Pas de chance, Mozart, au cinéma. Deux films, ce printemps, le mettent en scène. L’un, Don Giovanni, naissance d’un opéra, est signé Carlos Saura. On y voit Lorenzo Da Ponte et son ami Casanova imaginer un nouvel ouvrage tiré du mythe (rebattu) de Don Juan, et s’adjoindre Mozart pour la musique. Ce dernier est présenté comme un génie mal aimé, un malade qui se soigne en prenant des bains glacés. Saura, qui s’est reconverti dans l’art pour l’art depuis la fin du franquisme, donne dans le trompe-l’œil baroque. Mais n’est pas Fellini qui veut, et ses jeux de miroir débouchent sur un océan de lieux communs (où est le théâtre, où est la vraie vie ?), auxquels perruques poudrées et éclairages à la Barry Lindon n’ajoutent pas grand-chose.

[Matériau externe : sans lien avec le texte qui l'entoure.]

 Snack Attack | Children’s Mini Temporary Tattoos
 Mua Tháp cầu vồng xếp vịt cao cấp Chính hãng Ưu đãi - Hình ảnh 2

René Féret, lui, est plus sobre. Dans le ton mineur de La Communion solennelle et de L’Enfant du pays, son Nannerl, la petite sœur de Mozart (rien à voir avec la chanson rigolote de Marie-Paule Belle) expose une thèse et défend une cause. Si elle avait été un homme, Nannerl aurait volé la vedette à Wolfgang et aurait composé des chefs-d’œuvre, au lieu d’être mise sous le boisseau par son papa Leopold. Sous les perruques (plus classiques, plus Comédie-Française que celles du film de Saura) gronde déjà la révolution. Quand commence ce film-là, Mozart a dix ans, et n’en est pas encore à composerDon Giovanni. La musique est à l’avenant, indiscrète chez Saura, discrète chez Féret. Dans les deux cas, c’est la marque Mozart que l’on vend. Esthétisme dans l’un, militantisme dans l’autre. Deux pièges dans lesquels, justement, Mozart n’est pas tombé.
François Lafon
Don Giovanni, naissance d’un opéra, de Carlos Saura, en salle depuis le 12 mai - Nannerl, la petite Sœur de Mozart, de René Féret. Sortie le 9 juin.